What do Walmart, Berkshire Hathaway, Dell, Comcast, Publix, and Ford have in common? All are among the nation's largest companies and members of the Fortune 100. Each of them is "family-owned," which is loosely defined as having two or more family members involved and a majority of ownership or control within the family. Family-owned businesses date back centuries to family farms and, in urban settings, shops, and businesses where the family lived above the premises. In both examples, all family members actively participated in producing the family's livelihood.
Although many people think of family-owned businesses as making up only a small part of the economy, the following 2021 statistics from Family Business reveal that family-owned businesses:
- Employ 23 percent of the US workforce, accounting for 32.6 million jobs;
- Generating 23 percent of private-sector GDP or $3.2 trillion; and
- Total 9.1 million businesses, representing 25 percent of all business tax returns.
Pressure to Keep it in The Family—Challenges in Hiring Family Members:
The family-business owner, like all business owners, should be concerned about having the best talent in appropriate roles. This can pose a challenge when hiring family members for key positions. Are they the best qualified? It is important to establish hiring and position requirements and uniformly adhere to them when considering family. These guidelines help avoid the pressure to hire a family member only because they are a family member. Many family companies encourage the next generation of family interested in the business to work for another company for several years to gain general business knowledge and experience to be eligible to join the family business.
When family members choose to work for another company in the same industry, they gain added perspective and familiarity with accepted industry-specific best practices. Family members who work outside the family business can gain increased credibility with other family members and the board. Family businesses should communicate hiring criteria for all positions, which not only sets the standard for talent management but can avoid future misunderstandings and conflicts.
The family business owner should ensure that every employee, whether a family member or not, receives the training needed to allow them to function successfully. Placing a family member in a role for which they lack the appropriate skills without a plan to provide the needed training can cause tension, low morale, and family drama. Family member executives must be assessed on their own merits. Each position should have yearly goals so that the family member can be evaluated objectively and without favoritism.
Strategically Hiring Outside The Family:
Hiring nonfamily members, especially doing so for the first time, can be challenging. Many companies decide to hire nonfamily members when the owners want to accelerate the company’s growth. Other companies hire nonfamily members when the company needs specific skills such as legal, international or financial expertise. The challenge then becomes ensuring that the nonfamily member is a good fit with the organization's culture and the family itself, especially if the company is small. Marc Sharpe, Chairman of the Family Office Association, reports that individuals who are comfortable with a "servant leadership style" in which one leads by putting the needs of their team first can be an excellent personality fit for a family business.

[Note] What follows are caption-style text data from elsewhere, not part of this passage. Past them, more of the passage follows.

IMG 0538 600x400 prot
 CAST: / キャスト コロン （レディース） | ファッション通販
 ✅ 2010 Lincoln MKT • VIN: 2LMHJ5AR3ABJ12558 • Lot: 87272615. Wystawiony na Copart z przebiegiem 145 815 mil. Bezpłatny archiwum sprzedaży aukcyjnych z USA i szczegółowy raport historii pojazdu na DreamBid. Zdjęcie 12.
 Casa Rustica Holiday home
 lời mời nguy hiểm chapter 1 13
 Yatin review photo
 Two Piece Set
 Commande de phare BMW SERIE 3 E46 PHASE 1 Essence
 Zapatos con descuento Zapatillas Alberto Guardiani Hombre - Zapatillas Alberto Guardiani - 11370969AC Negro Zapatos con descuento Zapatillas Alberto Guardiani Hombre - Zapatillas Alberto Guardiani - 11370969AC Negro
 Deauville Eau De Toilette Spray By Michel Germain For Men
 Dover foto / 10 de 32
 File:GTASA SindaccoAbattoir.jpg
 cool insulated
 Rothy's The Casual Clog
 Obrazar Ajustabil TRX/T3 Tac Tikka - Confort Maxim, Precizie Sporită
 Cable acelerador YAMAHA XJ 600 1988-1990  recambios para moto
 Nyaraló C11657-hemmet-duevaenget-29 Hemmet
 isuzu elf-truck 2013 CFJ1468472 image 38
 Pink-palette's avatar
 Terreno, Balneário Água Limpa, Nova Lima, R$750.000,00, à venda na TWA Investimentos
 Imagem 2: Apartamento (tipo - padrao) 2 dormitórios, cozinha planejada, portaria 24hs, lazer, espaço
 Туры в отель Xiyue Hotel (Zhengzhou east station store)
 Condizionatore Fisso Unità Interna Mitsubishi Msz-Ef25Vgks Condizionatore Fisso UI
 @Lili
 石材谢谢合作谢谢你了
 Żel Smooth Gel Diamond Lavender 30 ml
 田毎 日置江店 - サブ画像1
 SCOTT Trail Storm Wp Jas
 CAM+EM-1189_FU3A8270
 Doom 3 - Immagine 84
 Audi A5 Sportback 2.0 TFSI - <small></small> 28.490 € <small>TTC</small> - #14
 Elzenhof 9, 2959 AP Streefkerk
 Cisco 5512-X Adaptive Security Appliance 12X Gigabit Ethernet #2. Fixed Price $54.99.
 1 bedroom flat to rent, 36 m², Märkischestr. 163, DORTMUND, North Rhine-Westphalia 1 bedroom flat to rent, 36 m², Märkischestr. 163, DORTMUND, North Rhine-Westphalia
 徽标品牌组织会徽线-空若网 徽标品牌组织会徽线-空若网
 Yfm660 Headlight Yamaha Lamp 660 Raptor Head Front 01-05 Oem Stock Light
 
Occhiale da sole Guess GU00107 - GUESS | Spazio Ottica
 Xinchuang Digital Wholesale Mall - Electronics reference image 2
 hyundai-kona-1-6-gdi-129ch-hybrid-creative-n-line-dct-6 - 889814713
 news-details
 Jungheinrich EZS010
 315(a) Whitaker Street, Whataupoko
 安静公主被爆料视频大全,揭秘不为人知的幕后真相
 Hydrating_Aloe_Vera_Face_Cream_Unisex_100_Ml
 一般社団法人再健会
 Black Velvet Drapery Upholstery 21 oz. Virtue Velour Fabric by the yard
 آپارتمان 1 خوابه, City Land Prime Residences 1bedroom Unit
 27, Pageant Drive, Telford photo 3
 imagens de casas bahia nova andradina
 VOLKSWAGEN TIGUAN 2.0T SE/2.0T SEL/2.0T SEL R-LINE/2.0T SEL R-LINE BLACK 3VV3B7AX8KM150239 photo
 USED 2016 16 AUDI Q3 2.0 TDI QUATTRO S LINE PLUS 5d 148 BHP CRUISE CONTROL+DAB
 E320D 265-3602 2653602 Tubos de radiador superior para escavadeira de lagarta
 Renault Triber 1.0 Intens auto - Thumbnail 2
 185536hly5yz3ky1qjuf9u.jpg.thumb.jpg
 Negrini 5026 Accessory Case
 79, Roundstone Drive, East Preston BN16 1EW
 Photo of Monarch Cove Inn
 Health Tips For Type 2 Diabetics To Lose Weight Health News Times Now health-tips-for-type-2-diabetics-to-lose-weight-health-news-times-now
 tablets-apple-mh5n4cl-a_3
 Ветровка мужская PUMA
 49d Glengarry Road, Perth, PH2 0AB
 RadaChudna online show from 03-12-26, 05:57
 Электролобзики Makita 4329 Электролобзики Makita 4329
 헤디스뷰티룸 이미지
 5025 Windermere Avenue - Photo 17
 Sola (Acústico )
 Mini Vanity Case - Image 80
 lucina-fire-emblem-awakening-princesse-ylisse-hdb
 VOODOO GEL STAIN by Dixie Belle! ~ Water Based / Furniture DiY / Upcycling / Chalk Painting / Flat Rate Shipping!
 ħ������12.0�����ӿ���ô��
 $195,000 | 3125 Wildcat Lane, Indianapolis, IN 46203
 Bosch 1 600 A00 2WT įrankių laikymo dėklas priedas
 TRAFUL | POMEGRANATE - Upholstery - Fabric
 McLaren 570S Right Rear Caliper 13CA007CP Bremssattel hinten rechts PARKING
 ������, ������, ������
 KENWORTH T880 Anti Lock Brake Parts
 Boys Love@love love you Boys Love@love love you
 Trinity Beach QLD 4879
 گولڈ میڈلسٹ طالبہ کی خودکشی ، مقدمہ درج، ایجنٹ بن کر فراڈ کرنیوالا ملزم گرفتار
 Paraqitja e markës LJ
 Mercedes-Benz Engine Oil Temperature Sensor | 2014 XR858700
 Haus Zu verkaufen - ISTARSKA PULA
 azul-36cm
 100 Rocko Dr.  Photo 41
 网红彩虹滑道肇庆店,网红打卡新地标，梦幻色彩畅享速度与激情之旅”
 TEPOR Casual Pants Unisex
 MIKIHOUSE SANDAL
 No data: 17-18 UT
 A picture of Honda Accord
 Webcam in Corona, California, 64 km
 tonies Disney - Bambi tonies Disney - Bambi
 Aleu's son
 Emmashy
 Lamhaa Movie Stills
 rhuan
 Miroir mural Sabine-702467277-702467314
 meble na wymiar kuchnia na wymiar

He adds that while hiring a nonfamily manager is often done to acquire a specific skill set, it is also important to hire individuals who have the flexibility to take on a generalist role when needed. If companies are recruiting nonfamily members for a position to replace a family member, it is important to communicate the reason for the hire and have detailed position requirements. If the company’s management are not in full agreement to hire a nonfamily executive, it will be a difficult and possibly unsuccessful hire.
To avoid and resolve family conflict, it is important in the recruitment and retention of outside candidates to ensure the family business has well-defined business procedures and corporate governance. Also, making decisions informally outside the office will put the nonfamily member at a disadvantage.
Best Practices for Executives Joining a Family Business:
Individuals who work for family businesses agree that it can either be a rewarding or disappointing experience depending on a number of factors, and we recommend that any executive considering joining a family business evaluate the following:
- Has the family agreed on the hire?
- How well has the position been defined?
- How many individuals have previously held the same position? Turnover, particularly in the C-suite, can be a red flag indicating that the family is not ready for a nonfamily executive;
- How are business decisions made? Cultural fit may be influenced by whether the business owner makes key decisions independently or in a distributed fashion;
- How does the team operate in terms of executing the business? A well-functioning team is empowered to operationalize projects and business imperatives timely and successfully;
- Understand the business owner's goals; recognize these goals may be focused on objectives other than increasing revenue and growth, such as philanthropy or creating a legacy;
- Evaluate the strengths and challenges of the current team and look for signs of dysfunction among family members;
- Get to know family members individually because they may have different goals and objectives; what are the family dynamics in play?